Arquitetos e Jornalistas

A oficina Saergs/FNA também contou com a participação do jornalista e presidente da Federación de Periodistas de América Latina y el Caribe (Fepalc), Celso Schröeder, que traçou um paralelo entre a arquitetura e o jornalismo. Segundo ele, a crise no mercado de trabalho que leva arquitetos a se colocarem na posição de empregados de grandes escritórios é a mesma que retira essa condição dos jornalistas, fazendo-os se aventurarem como autônomos.

 

Schröeder falou sobre o impacto dos avanços tecnológicos no mercado de trabalho, reforçando que as inovações foram tão contundentes que o trabalhador ficou “incapaz de reagir a elas”. E deu exemplos dos impactos desse novo cenário na oferta de informação.
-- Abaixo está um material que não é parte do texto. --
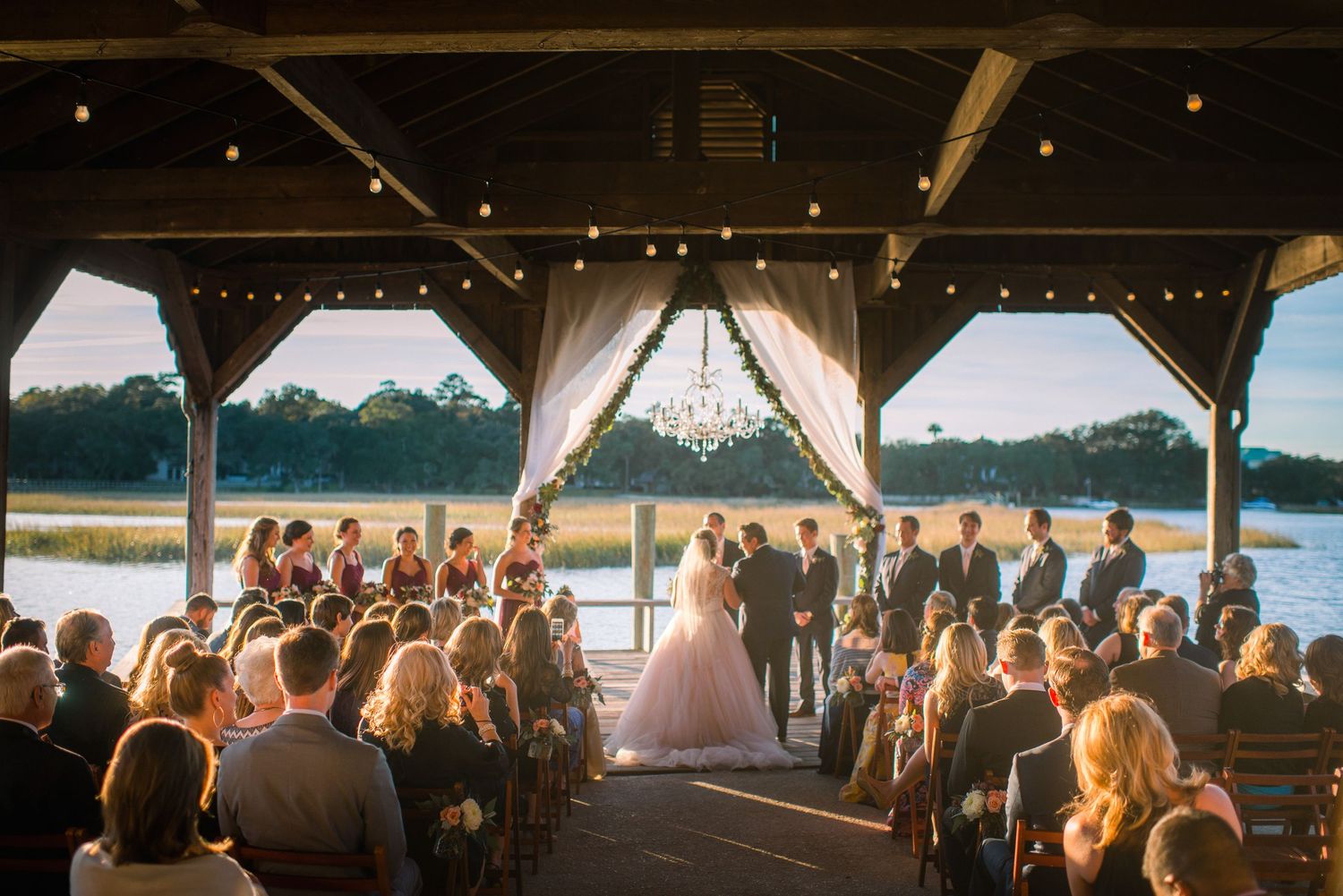 Wedding guests seated under a covered outdoor pavilion watching a lakeside ceremony at sunset.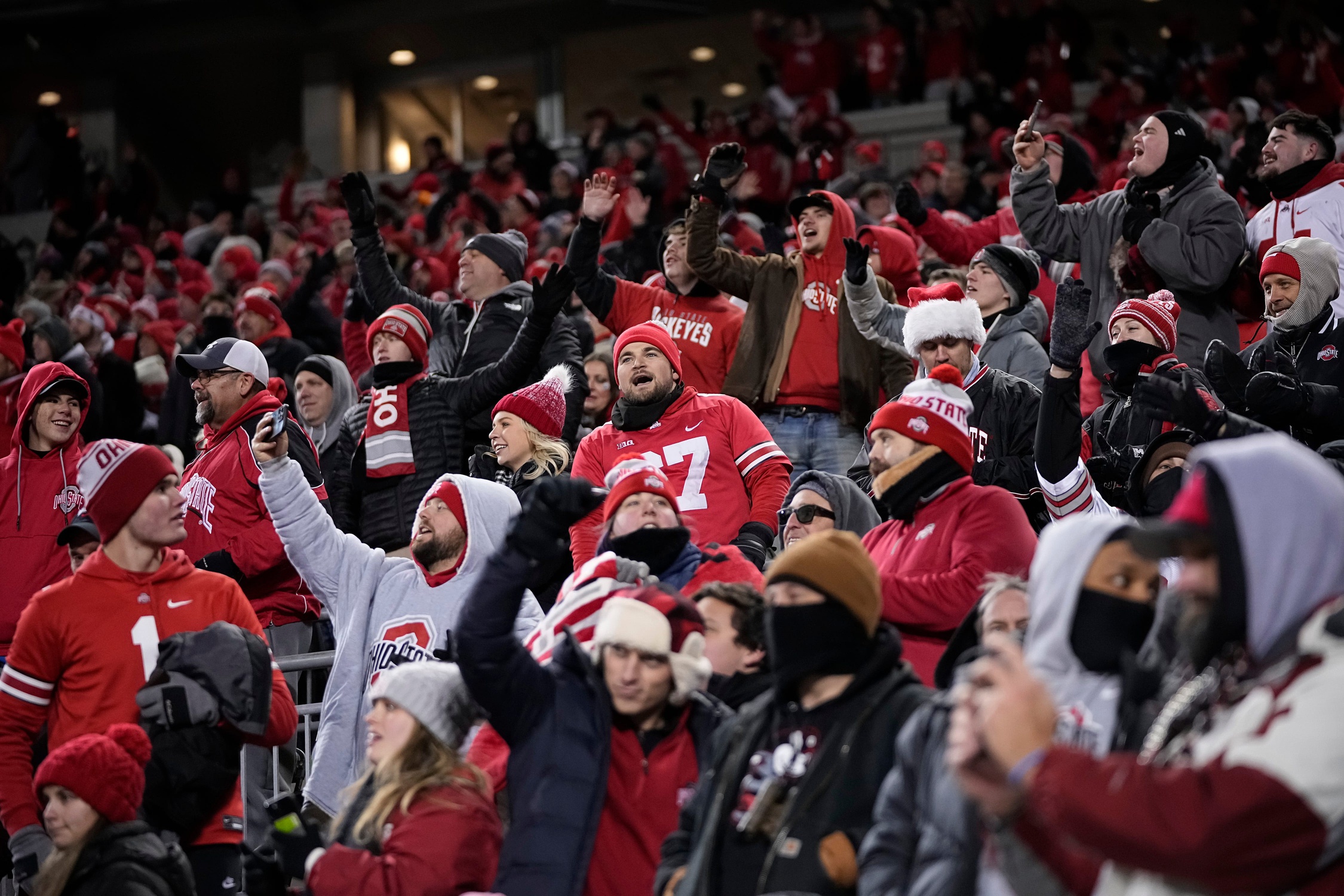 Ohio State Buckeyes fans cheer during the second half of the College Football Playoff first round game against the Tennessee Volunteers at Ohio Stadium in Columbus on Dec. 22, 2024. Ohio State won 42-17. © Adam Cairns/Columbus Dispatch / USA TODAY NETWORK via Imagn Images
Segundo o jornalista, há uma falsa sensação de grande oferta de informação na atualidade, mas o que temos, na verdade, é milhares de dados soltos e desconexos. “São dados que se tornam incompreensíveis pela qualidade, quantidade e pela desconexão entre eles”. Desta forma, citou a importância de valorização dos profissionais que realmente produzem o conhecimento, como o jornalista e, em analogia, os arquitetos. “O jornalista é quem se compromete a dizer a verdade e mostrar diferentes opiniões. Com a tecnologia, se começa a achar que não se precisa mais disso, que todo mundo escreve e faz o que quer e que o jornalismo é desnecessário”. Esse pensamento, alerta ele, ignora a ideia da mediação. “É como, para os arquitetos, eu dizer que posso fazer uma casa, mas será que isso é eficiente?”, comparou.